E, my wife, has a lot of exes. Generally speaking, I get along with them. However, in recent conversations, she has put forth the idea of one of her exes as godmother. For E, godmother is a huge role since her own godmother is still a major person in E's life This would be why we are having this conversation even before E is actually pregnant. I do not like this proposal, which is causing tension.
Said ex I will call Q. They met; there was attraction; Q almost left her husband for E. In the end, though, Q stayed for her children and social status. Q and I get along. I have even had dinner with Mr. Q. That being said, I don't feel Q and I share the same worldview. One thing is for me not to judge another for their life choices, but another to choose that person for my own child to have a close bond with. Especially when Q and E were once involved even if only technically emotionally.
Am I an ass for not trying to concede some here? E says it's old jealousy, but I am (a) not a jealous person and (b) just feel like we could do with someone without the weird backstory.
I totally vote for somebody without the weird backstory. If godmother is a big role in the child's life for you guys it should be someone you're both comfortable with.
I'm not much for ex-drama because neither myself nor my wife has any exes of significant note. And in general I'm really not much for drama. But really...be friends with your exes, fine. Expect your spouse to not run from exes in fear, fine. But select an ex as a godmother over your spouse's wishes? Nope.
L broke up with her last ex 16y ago. They are friends on FB, but since L is on FB 3x a year, they don't communicate and we haven't seen her for 11y. She is still friends with her first ex (broke up 27y ago) and we are both friends with her on FB, she came to our wedding, and we visit her when we are in TN. My only ex wasn't a serious relationship (though very emotionally intense for me) and I really cut off contact with her since it made L uncomfortable and it was really too emotionally charged for me to really continue to communicate with her.
That being said, finding the godparent/guardian for your child should be a joint decision in which you both feel comfortable and would be comfortable raising your child should something tragic happened. This was a really difficult thing for us since we don't have family who we would want to put in this position. We ultimately chose a good friend who shares many of the same values as we do, has regular interaction with the boys, and has a great support system.
I dont know this person and I'm sorry if this comes off as judgey, but I dont think I would share the same values as someone who decided to stay in a marriage "because of the kids and social status". And someone who doesn't share my key values wouldn't be someone I choose as Godparent to my children.
I think it's important to find someone that you're BOTH happy with, and I don't think it's very fair or caring of her to try and find reasons why you should give in to her, especially when it seems like she's trying to make you feel guilty about it.
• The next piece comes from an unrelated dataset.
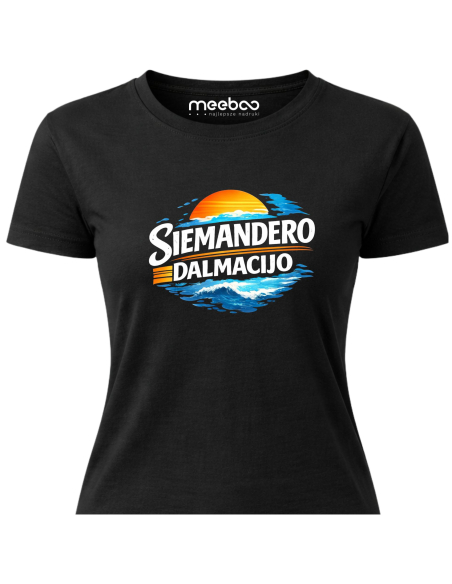 Koszulka Damska SIEMANDERO DALMACIJO PREMIUM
That doesn't make it a decision between you, it makes it a demand by her. Ultimately it doesn't really matter what your reasons are or what the backstory is, if it's jealousy or something concrete or if it's just a feeling you have, if you aren't comfortable with her in such an important role in your child's life then you aren't comfortable. Any and all of those are valid reasons to rule her out, IMHO.
Question: why does she want Q to be godmother to your child? Has she given you reasons for this?
(To me, being a godmother is huge. I have two godchildren, 21 and 17, I love immensely. They are godparents to J. I don't think I'd ever choose an ex for that role.)
Question: why does she want Q to be godmother to your child? Has she given you reasons for this?
(To me, being a godmother is huge. I have two godchildren, 21 and 17, I love immensely. They are godparents to J. I don't think I'd ever choose an ex for that role.)
I think it's because, for E, Q seems like someone who prioritises family as strange as it sounds. And E wants someone to be godmother who is financially stable, has a good track record of caring for her children and who speaks the languages the child would speak. I see the point, but I just don't feel comfortable with Q.
We have no family, so it has to be friends, many of whom are still in school as we are and not able to care for a child, which makes it a bit more complex.